Art. 641 Abs. 2, Art. 679 und 684 ZGB; Immissionen aus dem Flugbetrieb. Mit dem
Betrieb des Flughafens verbundene übermässige Immissionen sind grundsätzlich zu
dulden, wenn sie nicht vermeidbar sind, und werden vom Enteignungsrecht erfasst
(Art. 36a Abs. 4 LFG). Die von den Einwirkungen Betroffenen haben die sich aus
dem EntG ergebenden Ansprüche im Enteignungsverfahren wahrzunehmen, in welchem
sie namentlich auch geltend machen können, bestimmte übermässige Einwirkungen
könnten vermieden werden. Es liegt in solchen Fällen nicht am Zivilrichter, in
einem zum Enteignungsverfahren parallelen Verfahren zu prüfen, ob mit dem
bestimmungsgemässen Betrieb des Flughafens verbundene übermässige Einwirkungen
vermeidbar sind und insoweit vom Enteignungsrecht nicht erfasst werden (E.
5.1).

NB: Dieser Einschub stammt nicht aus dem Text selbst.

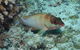 Fitzroy Island Dive Site - thumb 1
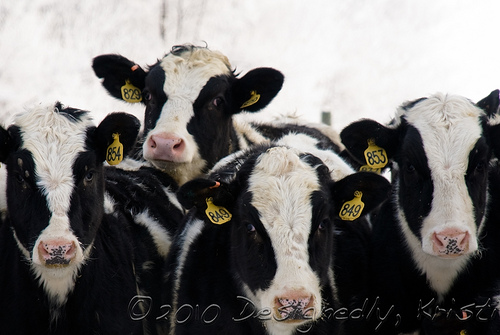 Farm Sights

Dies gilt sowohl für den Überflug stricto sensu als auch für den
Durchflug in grösserer Höhe (E. 5.2).

Sachverhalt ab Seite 249

BGE 134 III 248 S. 249
A. X. (nachfolgend: Kläger) ist Miteigentümer eines Einfamilienhauses in S.
Die Flughafen Zürich AG (nachfolgend: Beklagte) ist seit 1. Juni 2001
Betreiberin des Flughafens Zürich und Inhaberin der Betriebskonzession des
Eidgenössischen Departements für Umwelt, Verkehr, Energie und Kommunikation
(UVEK).

B. Am 4. April 2003 wurden seitens der deutschen Behörden die Einschränkungen
für die An- und Abflüge zum und vom Flughafen Zürich durch Änderung der 213.
Durchführungsverordnung verschärft, indem ab 17. April 2003 die Nachtflugsperre
um je eine Stunde am Morgen (6 bis 7 Uhr) und am Abend (21 bis 22 Uhr)
verlängert und die minimale Überflughöhe angehoben wurde; vorgesehen war
ausserdem, die Ausnahmegründe für einen Anflug von Norden her zu den
Sperrzeiten auf den 10. Juli 2003 erheblich einzuschränken.
Infolge dieser Einschränkungen wurde das Betriebsreglement für den Flughafen
Zürich verschiedentlich provisorisch geändert.
Am 30. Oktober 2003 wurden Südanflüge im sogenannten VOR/ DME-Anflugverfahren,
am 30. April 2004 im LOC/DME-Anflugverfahren sowie am 31. Oktober 2004 im
ILS-Anflugverfahren eingeführt.

C. Die Liegenschaft des Klägers liegt in der Südanflugschneise, in welcher der
Flughafen Zürich seit Ende Oktober 2003 zu Randzeiten angeflogen wird.
Mit Klage vom 29. Oktober 2004 stellte der Kläger beim Bezirksgericht Uster
folgende Rechtsbegehren:
BGE 134 III 248 S. 250
- Die Beklagte sei unter Androhung von Haft oder Busse gemäss Art. 292 StGB zu
verpflichten, dafür zu sorgen, dass keine Luftfahrzeuge im Anflug auf die Piste
34 des Flughafens Zürich-Kloten die Parzelle Kataster Nr. x, Grundbuchblatt y,
Plan z in weniger als 500 Meter Höhe oder in einer eventuell vom Gericht
festzulegenden Mindesthöhe überfliegen.
- Eventualiter sei vorstehende Verpflichtung mit der Massgabe auszusprechen,
dass sie sechs Monate nach Rechtshängigkeit dieser Klage in Kraft tritt."
Mit Beschluss vom 22. Dezember 2005 trat das Bezirksgericht auf die Klage nicht
ein, weil es sich als Zivilgericht als sachlich nicht zuständig erachtete.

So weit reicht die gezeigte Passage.